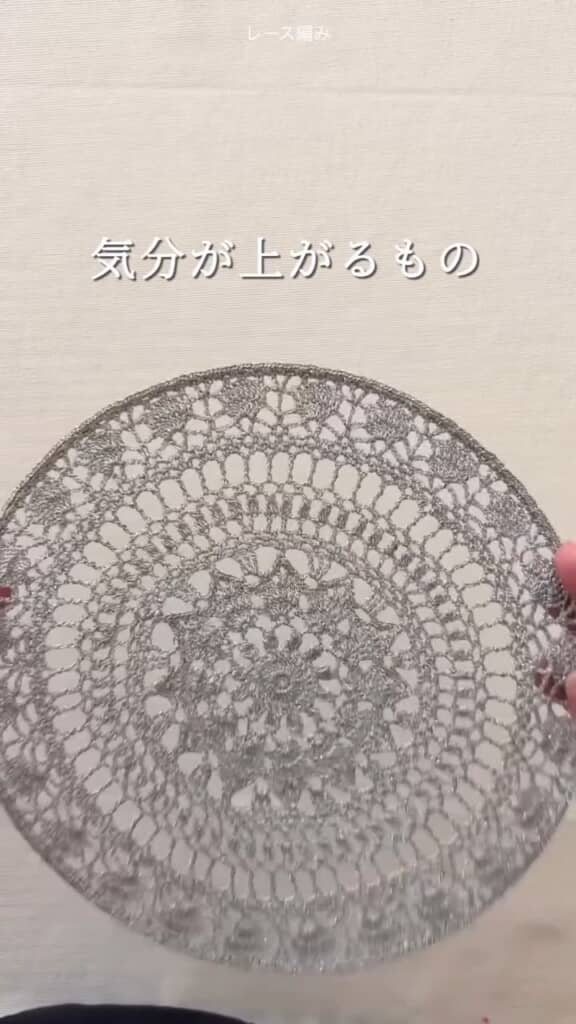 華やかなデザインのレースうちわの完成!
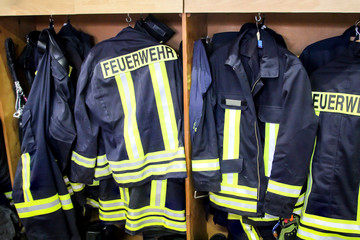 Ausrüstungsgegenstände der Feuerwehr, Feuerwehr Bekleidung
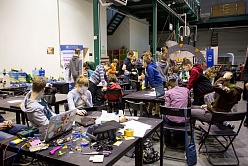 Юные конструкторы приняли участие в «Битве роботов», организованной «Фаблаб Политех»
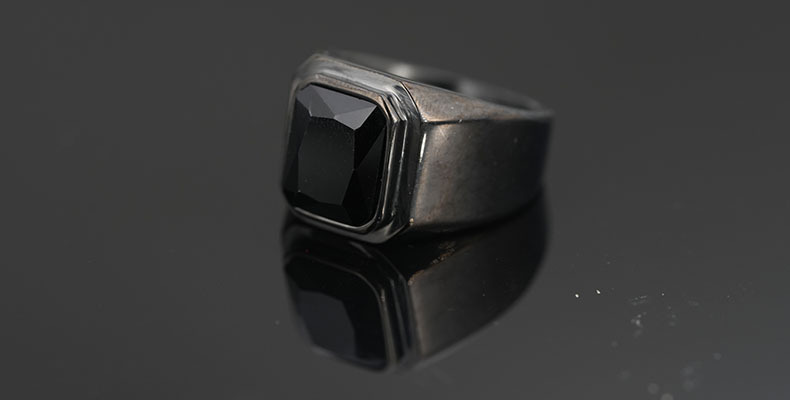 Retro Punk Geometric Titanium Steel Plating Men's Rings Men Band Rings display picture 7
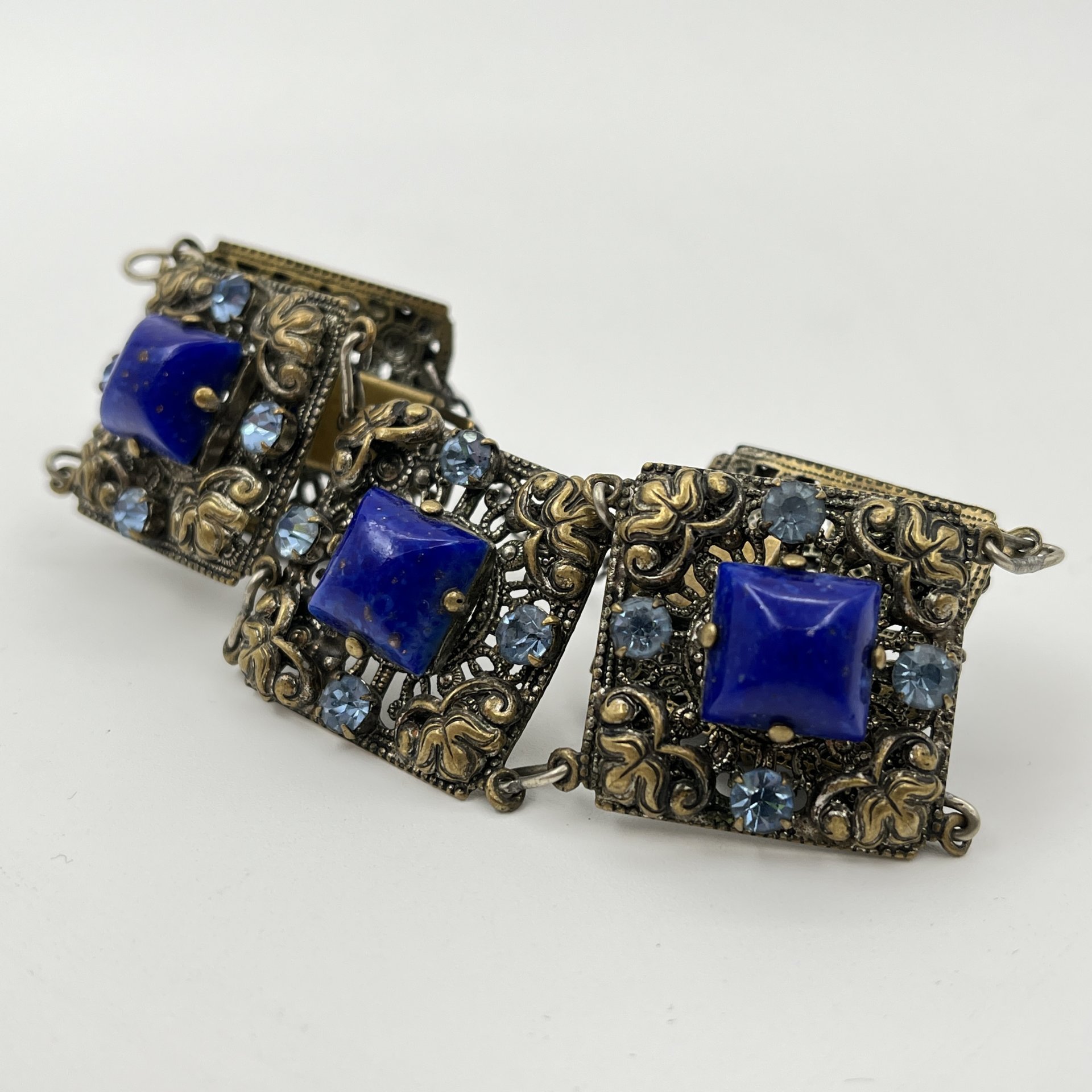 Браслет винтажный, со вставками синего и голубого цветов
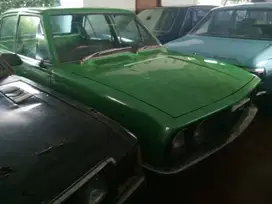 Alfetta Tahun 1975 Klasik dan antik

□ □ □ □

Activity: Without including any picture, write out the material above exactly.

Task answer:
 華やかなデザインのレースうちわの完成!
 Ausrüstungsgegenstände der Feuerwehr, Feuerwehr Bekleidung
 Юные конструкторы приняли участие в «Битве роботов», организованной «Фаблаб Политех»
 Retro Punk Geometric Titanium Steel Plating Men's Rings Men Band Rings display picture 7
 Браслет винтажный, со вставками синего и голубого цветов
 Alfetta Tahun 1975 Klasik dan antik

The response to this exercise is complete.